Perhaps after that’s happened some other poor devils will get to afford a house, should they be fortunate enough to still have a job in post-Brexitland.

BOMAD-backed mortgages are tough luck for kids who don’t have well-heeled  parents, because, natch, the rich kids will bid up house prices. So we can understand the delightful sentiment behind Frank Field’s letter to the Grauniad which proposes extending the largesse of the 100% mortgage to all those who don’t have access to BOMAD. Bless your egalitarian cotton socks Frank me old mucker, but you happen to be older than I am. So how come in your 76 turns around the sun you haven’t noticed yet that if you subsidise people’s mortgages, what happens? House prices go up. The maths is simple.

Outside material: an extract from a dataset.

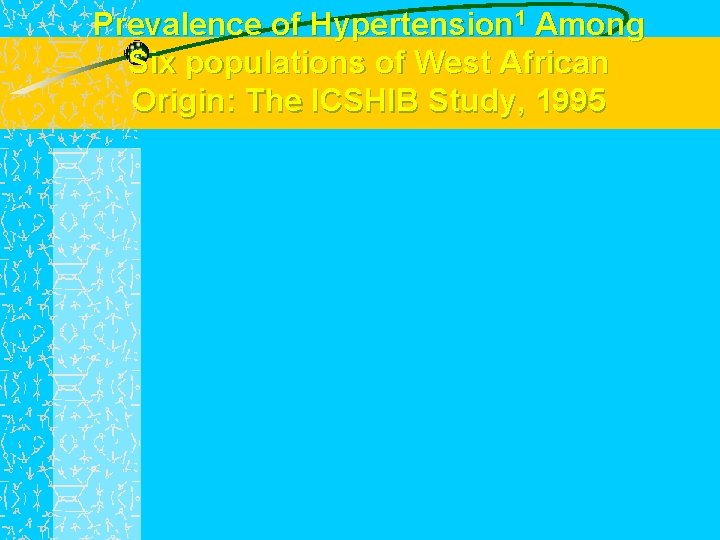 Prevalence of Hypertension 1 Among Six populations of West African Origin: The ICSHIB Study,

Punters have £x they can spend on housing, and in general when you are young an inexperienced as to the vicissitudes of financial life you deploy all of that £x, because everybody around you tells you that you can’t lose with housing. You also don’t tend to have much capital behind you and are in the first part of your working life, so your earnings are limited. You’re running on empty once you’ve committed your £x to the rapacious maw that is UK residential property. There are no reserves. If you’re £x is more than someone else’s you soak it up by having more house or living in one of the more tony districts, or reducing the zone on your London Underground ticket if you are rich enough to buy in the Great Wen.

The market is set by some punters finding their £x just ain’t enough to own where they want to live, so they leave the market for the rapacious BTL rental market, reducing demand of housing to buy. So, Frank, you go and subsidise that buyer’s £x by £y allowing these folk to borrow more than they can actually afford, guess what happens? Prices rise by £y, or if you subsidise mortgages by £y, by the increase they can borrow with that extra £y, which is a lot more. Result misery. This is an area that needs tough love because of the law of unintended consequences.

We’ve been here before. MIRAS, Help to buy3, LISAs. Get the government the hell out of the home loans market and keep it out of it, nail their feet to the floor. That includes you, Frank. Sure, BOMAD ain’t fair and the rich will screw everybody else. See also: private schools, moving to catchment areas, the lot. If you have the money you will always shit on other people’s kids to get yours ahead.

Government – stay out of the home loans biz. Get into the house building biz

The government can do something about housing – build the bloody things as social housing, don’t subsidise the buying of houses. Leave that to the market. Fewer that half of British households can afford to buy a house IMO. It’s a tremendously expensive capital asset that sucks up roughly 6-10 years of your gross earned income4, and in earlier generations before 1979 we catered for these people with something called council housing.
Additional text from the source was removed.